Apparently I have to clarify my sarcastic remark about “government welfare programs that end up encouraging single motherhood.” Of course it is possible to “support welfare programs that assist a wide variety of innocent poor.” However, there has been a tremendous amount of social decay since welfare programs became popular in the 1960s, when roughly 2/3 of black children were raised in two-parent families; today that has fallen to one-third. There is a great body of evidence that welfare assistance removed so much of the hardship of being a single parent as to make it an “acceptable option.” It is not, as Rabbi Shafran says, that girls chose to be single mothers wanting government assistance. It is that welfare vastly reduced the risk of giving into temptation. People stopped worrying about the consequences of getting pregnant. Yes, we as a society could do better than that, at least ensuring that single mothers do not feel there is a financial benefit to remaining single. I have heard that there are even frum couples that do not marry legally in order to obtain benefits only available to single mothers. Does anyone not see a problem here?

As for immigration, I didn’t say anything about Mexico or India. I did not mock those who support a legal version of DACA, because I do, and I imagine most of us do. What I did (and do) find worth mockery was opposition to Trump’s insistence upon firmer standards for immigration from several hostile states, and imposing a travel ban in the meantime. Across Europe, we see the consequences of unfettered immigration from Arab states where children are raised to be hostile to Western values. There is a humanitarian crisis in Syria, and the fact that neighboring Arab states are not accepting Arab refugees from Arab Syria makes the problem worse. But I would disagree that making these refugees our neighbors is the appropriate resolution. And there is every reason to believe that Obama’s “strict” vetting standards were not nearly strict enough, especially given his personal attitudes towards the Arab world.

So let’s get to the final, ultimate question. Rabbi Shafran asks, “does the fact that one political party seems at present more in line with most observant Jews’ feelings about moral or Israel issues mean that there is some imperative to embrace the entirety of that party’s convictions?”

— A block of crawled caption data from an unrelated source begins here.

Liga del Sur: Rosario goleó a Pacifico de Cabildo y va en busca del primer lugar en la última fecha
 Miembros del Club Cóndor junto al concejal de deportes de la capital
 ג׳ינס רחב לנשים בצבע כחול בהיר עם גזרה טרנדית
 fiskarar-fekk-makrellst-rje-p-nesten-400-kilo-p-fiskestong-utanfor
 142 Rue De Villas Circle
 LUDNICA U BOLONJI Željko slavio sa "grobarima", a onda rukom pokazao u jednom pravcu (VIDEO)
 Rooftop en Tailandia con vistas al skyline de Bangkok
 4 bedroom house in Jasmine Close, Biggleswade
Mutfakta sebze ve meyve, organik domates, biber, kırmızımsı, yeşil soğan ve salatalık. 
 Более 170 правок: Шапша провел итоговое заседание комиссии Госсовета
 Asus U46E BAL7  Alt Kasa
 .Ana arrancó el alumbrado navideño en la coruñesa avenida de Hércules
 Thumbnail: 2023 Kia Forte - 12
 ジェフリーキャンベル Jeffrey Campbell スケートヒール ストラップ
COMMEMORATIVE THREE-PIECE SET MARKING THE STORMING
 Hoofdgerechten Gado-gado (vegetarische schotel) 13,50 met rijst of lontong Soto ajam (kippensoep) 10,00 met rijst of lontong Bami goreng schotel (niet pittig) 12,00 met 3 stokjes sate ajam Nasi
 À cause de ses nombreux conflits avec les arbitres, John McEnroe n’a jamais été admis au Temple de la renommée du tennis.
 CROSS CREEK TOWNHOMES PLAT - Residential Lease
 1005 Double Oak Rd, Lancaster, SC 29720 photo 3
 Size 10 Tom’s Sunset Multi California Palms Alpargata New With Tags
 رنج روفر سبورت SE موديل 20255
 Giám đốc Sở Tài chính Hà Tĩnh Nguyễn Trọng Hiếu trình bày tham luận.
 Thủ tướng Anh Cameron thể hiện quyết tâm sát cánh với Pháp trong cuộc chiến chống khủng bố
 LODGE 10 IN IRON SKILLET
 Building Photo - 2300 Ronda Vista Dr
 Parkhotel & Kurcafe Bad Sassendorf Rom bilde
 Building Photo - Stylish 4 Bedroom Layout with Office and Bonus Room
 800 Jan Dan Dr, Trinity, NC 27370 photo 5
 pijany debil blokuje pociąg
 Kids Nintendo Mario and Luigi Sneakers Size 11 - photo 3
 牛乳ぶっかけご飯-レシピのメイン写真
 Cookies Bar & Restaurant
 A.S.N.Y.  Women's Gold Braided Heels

Again, we do not disagree here. This is my point, we have no argument — of course not. I claimed that “there is no one Torah position on gun ownership or tax reform,” and I am sure that for any Torah-based argument for one side, we could have a Torah-based argument for the other.

So that’s not the correct question. The one I would ask is the following: “When we, as Torah Jews, acknowledge that we are perceived as conservatives on a host of issues where the Torah mandates our positions, recognize that Republican candidates will more likely express positions closer to our own on moral and social issues, and publicly express ourselves on these issues and defend these positions and these candidates, is that ‘political bandwagon-jumping,’ or responsible hishtadlus?”

That’s really the only point of contention here.

I join Rabbi Shafran in wishing him and all readers a Gmar Chasima Tova and a blessed year.

Loose Ends

I have to admit that Rabbi Shafran creates better titles. “One Man’s Ceiling is Another Man’s Floor” is no match for “Kashering Elephants and Donkeys.”

But when it comes to the content, I have a few quibbles that I thought worth putting into writing, much as our different perspectives are already reasonably clear. In fact, I would argue that Rabbi Shafran accentuated our differences, as there is now little room for debate about what we must agree is true.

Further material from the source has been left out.